(Data excerpts)
----
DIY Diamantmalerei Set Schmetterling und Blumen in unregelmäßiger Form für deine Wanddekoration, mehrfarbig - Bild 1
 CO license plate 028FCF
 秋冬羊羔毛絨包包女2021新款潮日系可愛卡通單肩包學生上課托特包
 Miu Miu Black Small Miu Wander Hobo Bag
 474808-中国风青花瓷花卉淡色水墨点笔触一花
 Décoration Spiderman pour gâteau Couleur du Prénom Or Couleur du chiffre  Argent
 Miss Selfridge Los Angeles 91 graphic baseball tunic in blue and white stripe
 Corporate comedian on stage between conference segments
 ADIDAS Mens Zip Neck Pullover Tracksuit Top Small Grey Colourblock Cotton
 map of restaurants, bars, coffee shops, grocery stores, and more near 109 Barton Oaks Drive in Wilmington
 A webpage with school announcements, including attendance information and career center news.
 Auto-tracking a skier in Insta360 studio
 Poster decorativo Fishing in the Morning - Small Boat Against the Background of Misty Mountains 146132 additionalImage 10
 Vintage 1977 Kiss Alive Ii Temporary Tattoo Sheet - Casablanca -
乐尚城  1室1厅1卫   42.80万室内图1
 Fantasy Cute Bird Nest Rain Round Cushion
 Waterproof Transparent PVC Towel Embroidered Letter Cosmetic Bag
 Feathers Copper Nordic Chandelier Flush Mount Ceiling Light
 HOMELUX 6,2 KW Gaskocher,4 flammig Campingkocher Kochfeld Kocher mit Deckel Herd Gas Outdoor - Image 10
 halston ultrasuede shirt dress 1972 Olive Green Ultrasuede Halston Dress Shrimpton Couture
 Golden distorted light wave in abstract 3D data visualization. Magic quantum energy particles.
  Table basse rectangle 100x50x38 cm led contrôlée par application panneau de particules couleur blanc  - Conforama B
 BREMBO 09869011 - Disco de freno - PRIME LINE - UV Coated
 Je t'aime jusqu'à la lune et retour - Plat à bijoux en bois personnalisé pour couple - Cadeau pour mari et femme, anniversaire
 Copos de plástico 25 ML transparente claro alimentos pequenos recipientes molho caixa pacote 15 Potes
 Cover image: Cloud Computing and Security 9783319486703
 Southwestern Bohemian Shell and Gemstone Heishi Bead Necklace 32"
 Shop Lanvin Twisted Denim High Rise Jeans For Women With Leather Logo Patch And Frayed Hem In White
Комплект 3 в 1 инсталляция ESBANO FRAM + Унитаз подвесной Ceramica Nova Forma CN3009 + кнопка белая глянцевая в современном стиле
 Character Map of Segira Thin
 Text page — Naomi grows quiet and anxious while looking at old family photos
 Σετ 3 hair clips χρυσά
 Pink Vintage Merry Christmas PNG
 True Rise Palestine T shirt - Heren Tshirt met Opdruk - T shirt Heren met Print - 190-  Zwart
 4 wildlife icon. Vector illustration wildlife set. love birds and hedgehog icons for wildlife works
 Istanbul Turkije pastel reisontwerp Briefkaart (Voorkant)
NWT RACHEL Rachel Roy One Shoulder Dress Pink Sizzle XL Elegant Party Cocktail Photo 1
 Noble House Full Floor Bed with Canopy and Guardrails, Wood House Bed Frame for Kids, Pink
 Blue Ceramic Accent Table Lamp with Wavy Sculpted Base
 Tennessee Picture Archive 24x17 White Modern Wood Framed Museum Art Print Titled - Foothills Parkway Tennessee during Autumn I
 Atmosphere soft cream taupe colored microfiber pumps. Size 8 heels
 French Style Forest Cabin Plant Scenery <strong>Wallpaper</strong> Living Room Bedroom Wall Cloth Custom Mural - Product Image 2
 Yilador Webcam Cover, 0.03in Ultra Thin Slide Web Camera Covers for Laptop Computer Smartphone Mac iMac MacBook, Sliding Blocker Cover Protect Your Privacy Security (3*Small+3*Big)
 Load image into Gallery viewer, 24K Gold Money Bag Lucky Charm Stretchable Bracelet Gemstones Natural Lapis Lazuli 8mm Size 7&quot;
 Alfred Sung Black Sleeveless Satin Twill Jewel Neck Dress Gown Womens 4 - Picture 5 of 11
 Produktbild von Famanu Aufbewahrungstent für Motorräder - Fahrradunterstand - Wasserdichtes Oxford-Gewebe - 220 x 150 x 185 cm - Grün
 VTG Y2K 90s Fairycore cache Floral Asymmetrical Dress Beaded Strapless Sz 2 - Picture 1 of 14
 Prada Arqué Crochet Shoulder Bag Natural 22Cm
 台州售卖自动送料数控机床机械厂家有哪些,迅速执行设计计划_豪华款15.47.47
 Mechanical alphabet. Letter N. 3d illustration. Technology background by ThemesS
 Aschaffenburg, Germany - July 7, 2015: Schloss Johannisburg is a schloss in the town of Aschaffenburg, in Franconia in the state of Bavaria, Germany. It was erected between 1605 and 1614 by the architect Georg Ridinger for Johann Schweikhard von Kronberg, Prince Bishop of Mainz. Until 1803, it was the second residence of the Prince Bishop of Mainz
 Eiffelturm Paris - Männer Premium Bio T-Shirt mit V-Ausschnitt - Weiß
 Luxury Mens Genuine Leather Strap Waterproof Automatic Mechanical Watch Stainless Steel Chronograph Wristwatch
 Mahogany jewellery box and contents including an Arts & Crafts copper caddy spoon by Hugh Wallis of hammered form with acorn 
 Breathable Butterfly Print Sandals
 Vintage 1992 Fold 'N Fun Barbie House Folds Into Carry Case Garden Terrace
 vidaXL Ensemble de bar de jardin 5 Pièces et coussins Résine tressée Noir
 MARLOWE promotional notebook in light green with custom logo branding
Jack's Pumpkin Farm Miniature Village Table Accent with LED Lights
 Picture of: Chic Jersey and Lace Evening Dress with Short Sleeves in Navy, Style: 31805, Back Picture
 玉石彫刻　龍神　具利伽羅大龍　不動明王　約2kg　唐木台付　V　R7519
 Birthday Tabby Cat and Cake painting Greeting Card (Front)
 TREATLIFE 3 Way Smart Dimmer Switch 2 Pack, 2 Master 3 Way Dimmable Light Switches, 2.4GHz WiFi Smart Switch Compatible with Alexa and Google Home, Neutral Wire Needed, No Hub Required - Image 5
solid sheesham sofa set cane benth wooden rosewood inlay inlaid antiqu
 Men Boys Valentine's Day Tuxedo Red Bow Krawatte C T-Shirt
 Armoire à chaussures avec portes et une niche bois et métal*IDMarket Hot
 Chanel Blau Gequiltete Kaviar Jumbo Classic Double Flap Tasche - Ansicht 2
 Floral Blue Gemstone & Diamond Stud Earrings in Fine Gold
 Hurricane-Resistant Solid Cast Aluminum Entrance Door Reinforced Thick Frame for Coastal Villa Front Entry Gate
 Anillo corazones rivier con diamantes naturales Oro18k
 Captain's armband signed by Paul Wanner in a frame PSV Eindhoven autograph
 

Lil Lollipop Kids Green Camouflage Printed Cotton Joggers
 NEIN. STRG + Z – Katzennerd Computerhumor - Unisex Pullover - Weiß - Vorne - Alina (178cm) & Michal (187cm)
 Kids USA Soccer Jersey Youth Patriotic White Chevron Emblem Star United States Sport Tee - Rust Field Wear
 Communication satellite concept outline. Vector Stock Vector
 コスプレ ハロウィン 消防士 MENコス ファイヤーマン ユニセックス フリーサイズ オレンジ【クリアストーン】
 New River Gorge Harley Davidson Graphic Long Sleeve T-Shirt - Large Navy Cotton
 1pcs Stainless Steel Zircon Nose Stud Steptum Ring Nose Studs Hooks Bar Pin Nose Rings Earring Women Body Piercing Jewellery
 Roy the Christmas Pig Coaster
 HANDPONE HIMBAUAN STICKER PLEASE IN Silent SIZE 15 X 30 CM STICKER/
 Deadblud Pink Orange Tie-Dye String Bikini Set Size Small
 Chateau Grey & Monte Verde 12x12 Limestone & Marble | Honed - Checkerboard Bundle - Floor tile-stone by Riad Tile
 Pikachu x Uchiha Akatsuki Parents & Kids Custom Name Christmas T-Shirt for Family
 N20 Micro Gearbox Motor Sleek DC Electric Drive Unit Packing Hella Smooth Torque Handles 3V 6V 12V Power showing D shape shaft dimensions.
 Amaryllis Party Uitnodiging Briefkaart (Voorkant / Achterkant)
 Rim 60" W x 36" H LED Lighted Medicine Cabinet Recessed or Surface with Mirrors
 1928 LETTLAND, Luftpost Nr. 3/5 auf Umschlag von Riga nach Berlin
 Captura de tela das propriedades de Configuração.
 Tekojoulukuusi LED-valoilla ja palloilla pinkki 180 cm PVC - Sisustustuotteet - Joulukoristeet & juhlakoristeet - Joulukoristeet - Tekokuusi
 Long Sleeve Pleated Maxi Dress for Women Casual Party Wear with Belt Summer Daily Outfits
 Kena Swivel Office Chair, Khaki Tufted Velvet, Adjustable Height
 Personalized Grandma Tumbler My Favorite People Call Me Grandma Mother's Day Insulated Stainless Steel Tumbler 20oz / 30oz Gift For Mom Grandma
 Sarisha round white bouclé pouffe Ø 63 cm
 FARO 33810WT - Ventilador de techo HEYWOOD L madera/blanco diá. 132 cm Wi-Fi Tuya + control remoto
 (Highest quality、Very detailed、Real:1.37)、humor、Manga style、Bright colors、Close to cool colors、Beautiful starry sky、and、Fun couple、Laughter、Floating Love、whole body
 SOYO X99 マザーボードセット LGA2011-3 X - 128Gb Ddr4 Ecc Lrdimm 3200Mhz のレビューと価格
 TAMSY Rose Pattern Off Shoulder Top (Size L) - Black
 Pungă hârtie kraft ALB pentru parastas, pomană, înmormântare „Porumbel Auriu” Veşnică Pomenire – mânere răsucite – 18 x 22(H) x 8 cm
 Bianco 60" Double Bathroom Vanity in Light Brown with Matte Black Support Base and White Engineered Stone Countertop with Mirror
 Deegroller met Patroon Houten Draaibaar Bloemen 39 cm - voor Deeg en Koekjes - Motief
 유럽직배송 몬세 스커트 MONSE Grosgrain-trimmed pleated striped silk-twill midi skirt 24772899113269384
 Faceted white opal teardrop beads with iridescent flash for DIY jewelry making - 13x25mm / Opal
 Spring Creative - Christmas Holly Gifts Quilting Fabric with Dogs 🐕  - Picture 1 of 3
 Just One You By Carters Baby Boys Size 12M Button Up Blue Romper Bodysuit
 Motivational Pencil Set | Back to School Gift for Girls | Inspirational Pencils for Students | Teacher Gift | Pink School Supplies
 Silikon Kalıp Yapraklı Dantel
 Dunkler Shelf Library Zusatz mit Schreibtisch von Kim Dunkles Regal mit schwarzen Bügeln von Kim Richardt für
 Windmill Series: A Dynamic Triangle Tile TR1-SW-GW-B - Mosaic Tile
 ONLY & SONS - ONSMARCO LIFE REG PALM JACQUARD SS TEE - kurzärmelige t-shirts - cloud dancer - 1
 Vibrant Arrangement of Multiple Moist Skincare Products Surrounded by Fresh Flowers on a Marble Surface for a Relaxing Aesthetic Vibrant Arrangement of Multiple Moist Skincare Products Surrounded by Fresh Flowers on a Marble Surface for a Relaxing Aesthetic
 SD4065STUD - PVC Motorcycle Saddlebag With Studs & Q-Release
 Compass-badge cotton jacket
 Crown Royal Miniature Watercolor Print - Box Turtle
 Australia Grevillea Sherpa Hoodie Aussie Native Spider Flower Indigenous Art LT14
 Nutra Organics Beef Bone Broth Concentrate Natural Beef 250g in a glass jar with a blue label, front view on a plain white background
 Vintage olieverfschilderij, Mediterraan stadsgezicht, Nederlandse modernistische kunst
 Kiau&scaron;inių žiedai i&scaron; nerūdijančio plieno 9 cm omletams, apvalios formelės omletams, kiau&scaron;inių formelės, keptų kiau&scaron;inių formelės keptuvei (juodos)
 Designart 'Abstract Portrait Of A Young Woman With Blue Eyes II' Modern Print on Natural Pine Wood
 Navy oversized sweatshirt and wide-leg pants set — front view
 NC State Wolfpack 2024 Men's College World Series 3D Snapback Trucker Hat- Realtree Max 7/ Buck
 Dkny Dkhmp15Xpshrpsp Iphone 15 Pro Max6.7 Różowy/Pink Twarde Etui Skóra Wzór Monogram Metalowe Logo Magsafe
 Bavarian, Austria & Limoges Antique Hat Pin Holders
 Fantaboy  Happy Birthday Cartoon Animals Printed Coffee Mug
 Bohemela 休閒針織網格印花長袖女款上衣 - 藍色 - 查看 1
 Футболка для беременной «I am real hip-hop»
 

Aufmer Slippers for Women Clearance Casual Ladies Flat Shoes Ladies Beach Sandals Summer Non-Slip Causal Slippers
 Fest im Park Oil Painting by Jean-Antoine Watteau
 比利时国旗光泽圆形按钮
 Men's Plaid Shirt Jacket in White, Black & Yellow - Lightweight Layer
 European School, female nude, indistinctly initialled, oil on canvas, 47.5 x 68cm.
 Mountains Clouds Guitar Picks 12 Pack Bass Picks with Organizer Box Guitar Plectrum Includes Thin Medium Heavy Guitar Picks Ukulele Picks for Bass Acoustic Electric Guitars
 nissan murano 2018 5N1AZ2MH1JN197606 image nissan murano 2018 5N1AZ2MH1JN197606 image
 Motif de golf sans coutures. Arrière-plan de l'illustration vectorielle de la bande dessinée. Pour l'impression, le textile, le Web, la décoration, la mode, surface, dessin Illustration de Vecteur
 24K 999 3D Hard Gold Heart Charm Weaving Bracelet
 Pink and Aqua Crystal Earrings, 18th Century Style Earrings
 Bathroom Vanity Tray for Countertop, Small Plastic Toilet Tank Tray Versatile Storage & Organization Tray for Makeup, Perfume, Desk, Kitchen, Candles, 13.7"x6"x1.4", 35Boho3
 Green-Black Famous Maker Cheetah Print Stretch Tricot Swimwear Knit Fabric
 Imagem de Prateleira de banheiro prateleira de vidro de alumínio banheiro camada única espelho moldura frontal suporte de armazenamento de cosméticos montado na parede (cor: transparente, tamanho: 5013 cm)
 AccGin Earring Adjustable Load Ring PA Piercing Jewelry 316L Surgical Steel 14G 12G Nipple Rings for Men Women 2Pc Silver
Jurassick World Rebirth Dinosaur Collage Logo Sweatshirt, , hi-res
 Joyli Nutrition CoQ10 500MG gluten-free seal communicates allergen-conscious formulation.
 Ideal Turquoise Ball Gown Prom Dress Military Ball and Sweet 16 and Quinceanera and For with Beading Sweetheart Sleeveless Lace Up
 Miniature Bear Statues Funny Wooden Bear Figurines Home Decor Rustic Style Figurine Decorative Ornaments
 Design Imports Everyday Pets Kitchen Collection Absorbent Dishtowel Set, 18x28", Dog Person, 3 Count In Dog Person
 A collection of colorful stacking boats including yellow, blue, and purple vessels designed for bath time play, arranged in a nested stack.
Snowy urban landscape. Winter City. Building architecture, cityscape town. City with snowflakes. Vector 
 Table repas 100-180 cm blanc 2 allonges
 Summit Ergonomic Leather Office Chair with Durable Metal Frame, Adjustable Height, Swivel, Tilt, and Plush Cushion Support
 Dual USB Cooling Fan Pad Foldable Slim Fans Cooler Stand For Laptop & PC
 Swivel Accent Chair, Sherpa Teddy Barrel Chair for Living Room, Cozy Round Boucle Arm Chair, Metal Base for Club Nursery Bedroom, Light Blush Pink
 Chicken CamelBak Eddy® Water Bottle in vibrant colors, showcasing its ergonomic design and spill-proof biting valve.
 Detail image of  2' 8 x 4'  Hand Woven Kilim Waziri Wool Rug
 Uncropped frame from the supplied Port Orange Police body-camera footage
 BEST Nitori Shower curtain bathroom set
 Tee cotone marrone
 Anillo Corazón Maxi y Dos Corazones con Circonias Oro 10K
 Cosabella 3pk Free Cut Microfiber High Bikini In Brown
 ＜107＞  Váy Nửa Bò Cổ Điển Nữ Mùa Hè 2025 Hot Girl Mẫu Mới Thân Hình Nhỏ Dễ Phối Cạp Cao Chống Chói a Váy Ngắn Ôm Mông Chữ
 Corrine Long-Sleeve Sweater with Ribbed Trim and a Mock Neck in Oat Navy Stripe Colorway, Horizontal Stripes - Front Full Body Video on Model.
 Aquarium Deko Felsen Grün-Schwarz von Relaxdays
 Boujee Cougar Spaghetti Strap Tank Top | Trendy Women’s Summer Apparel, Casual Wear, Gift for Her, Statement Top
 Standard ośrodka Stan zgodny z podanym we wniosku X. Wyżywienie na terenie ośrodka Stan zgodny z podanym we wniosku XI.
----
# [WHAT YOU ARE ASKED TO DO]
Please write out, exactly as they appear above, only the lines in the stretch from the line with "nissan murano 2018 5N1AZ2MH1JN197606 image nissan" through the line with "Motif de golf".

# [WRITTEN REPLY]
 nissan murano 2018 5N1AZ2MH1JN197606 image nissan murano 2018 5N1AZ2MH1JN197606 image
 Motif de golf sans coutures. Arrière-plan de l'illustration vectorielle de la bande dessinée. Pour l'impression, le textile, le Web, la décoration, la mode, surface, dessin Illustration de Vecteur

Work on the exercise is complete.